**TASK:** This exercise calls for the data below to be retyped exactly, minus any images.

Scraped caption text data:
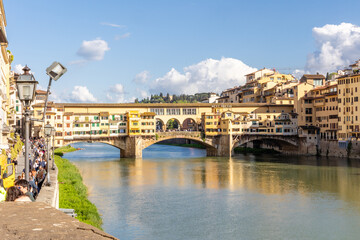 Obraz premium Florence, Italy - April 10, 2024: View of the Vecchio Bridge in Florence with tourists crowding its surroundings in Florence, Italy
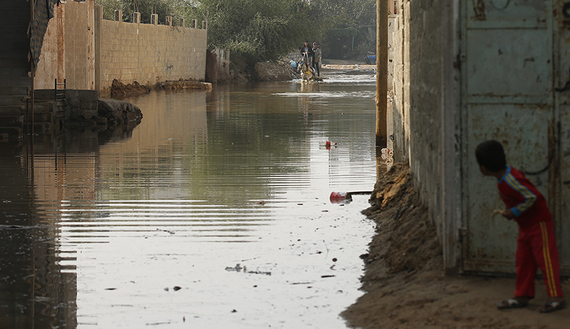 A boy looks at Palestinians as they ride a horse cart on a street flooded with sewage water from a sewage treatment facility in Gaza City, Gaza, Nov. 14, 2013. (photo by REUTERS/Mohammed Salem)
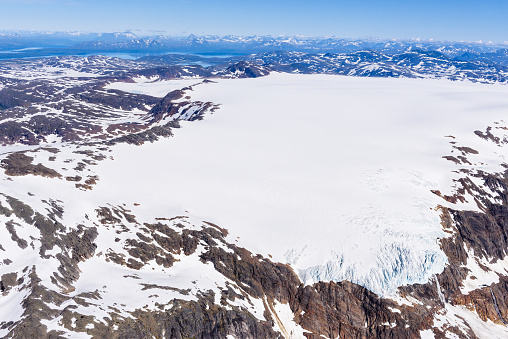Aerial view of glacier in mountain scenery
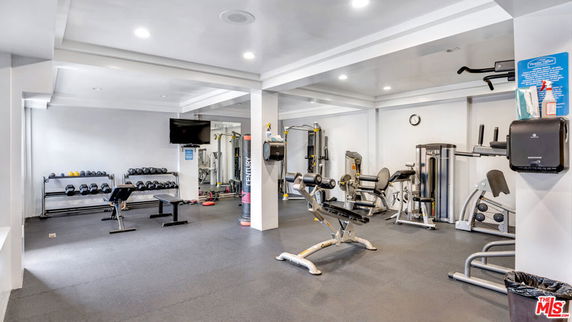Indoor gym area with various exercise equipment, including weights and machines.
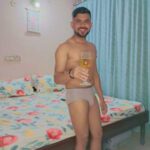Fit nude hunk teasing his sexy body in gay porn pics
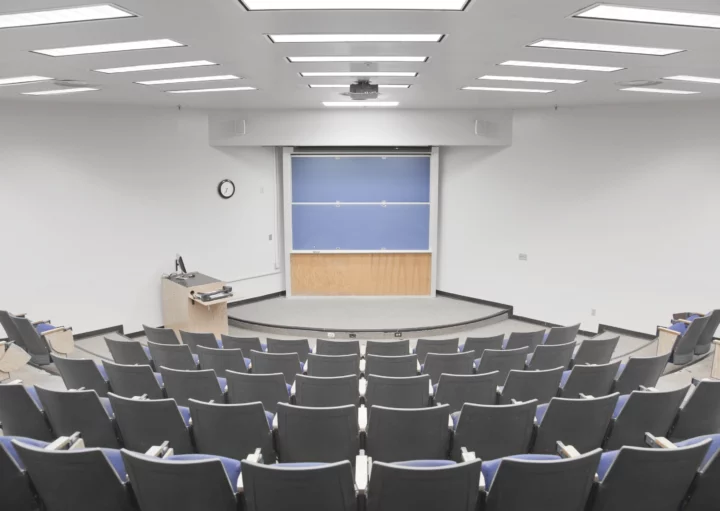 Imagem de sala de aula moderna com mesas, cadeiras e lousa para ilustrar matéria sobre faculdades em Florianópolis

**SOLUTION:**
 Obraz premium Florence, Italy - April 10, 2024: View of the Vecchio Bridge in Florence with tourists crowding its surroundings in Florence, Italy
 A boy looks at Palestinians as they ride a horse cart on a street flooded with sewage water from a sewage treatment facility in Gaza City, Gaza, Nov. 14, 2013. (photo by REUTERS/Mohammed Salem)
Aerial view of glacier in mountain scenery
Indoor gym area with various exercise equipment, including weights and machines.
Fit nude hunk teasing his sexy body in gay porn pics
 Imagem de sala de aula moderna com mesas, cadeiras e lousa para ilustrar matéria sobre faculdades em Florianópolis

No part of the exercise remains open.